Chi Eric C, Allen Genevera I, Zhou Hua, Kohannim Omid, Lange Kenneth, Thompson Paul M
Department of Human Genetics, UCLA School of Medicine, Los Angeles, CA, USA.
Department of Statistics, Rice University, Houston, TX, USA.
Proc IEEE Int Symp Biomed Imaging. 2013 Dec 31;2013:740-743. doi: 10.1109/ISBI.2013.6556581.
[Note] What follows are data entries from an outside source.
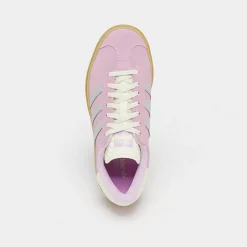 Gazelle Bold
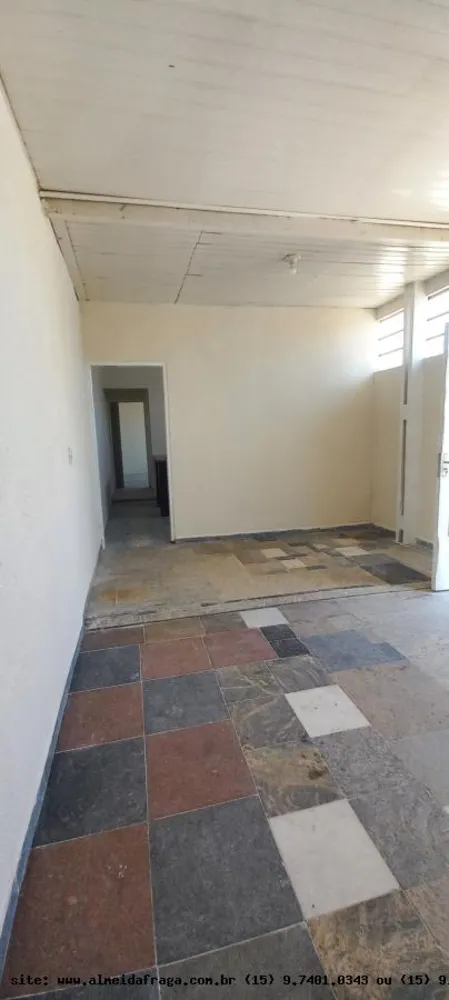 Loja-Salão, 200 m² - Foto 10
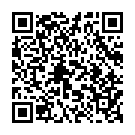 www.house-info.tw房屋網-一戶一國,桃園一戶一國,大溪一戶一國-QRCode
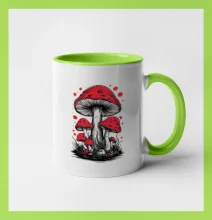 Goblincore Cottagecore Mushrooms Goblincore Cottagecore Mushrooms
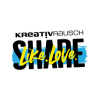 Kreativrausch GmbH - Agentur für Social Media & Content Marketing-logo
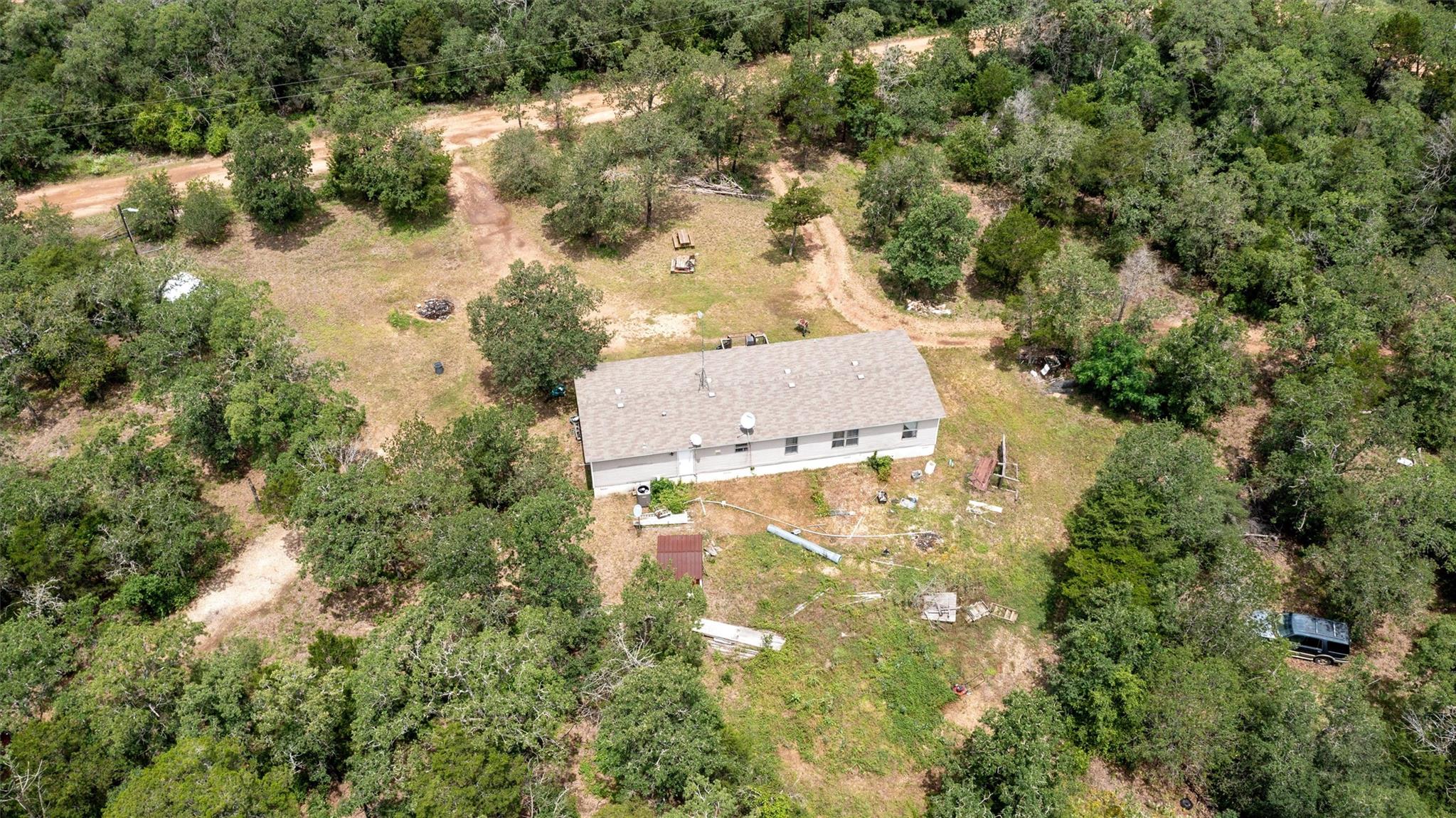 163  Northside Ln, photo 7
The collection of brain images from populations of subjects who have been genotyped with genome-wide scans makes it feasible to search for genetic effects on the brain. Even so, multivariate methods are sorely needed that can search both images and the genome for relationships, making use of the correlation structure of both datasets. Here we investigate the use of sparse canonical correlation analysis (CCA) to home in on sets of genetic variants that explain variance in a set of images. We extend recent work on penalized matrix decomposition to account for the correlations in both datasets. Such methods show promise in imaging genetics as they exploit the natural covariance in the datasets. They also avoid an astronomically heavy statistical correction for searching the whole genome and the entire image for promising associations.
从已进行全基因组扫描基因分型的受试者群体中收集脑图像,使得寻找基因对大脑的影响成为可能。即便如此,仍然迫切需要多元方法,这种方法能够利用两个数据集的相关结构,同时在图像和基因组中搜索两者之间的关系。在此,我们研究使用稀疏典型相关分析(CCA)来找出能够解释一组图像中方差的基因变异集。我们扩展了近期关于惩罚矩阵分解的工作,以考虑两个数据集中的相关性。这类方法在影像遗传学中显示出前景,因为它们利用了数据集中的自然协方差。它们还避免了在全基因组和整个图像中搜索有前景的关联时进行极其繁重的统计校正。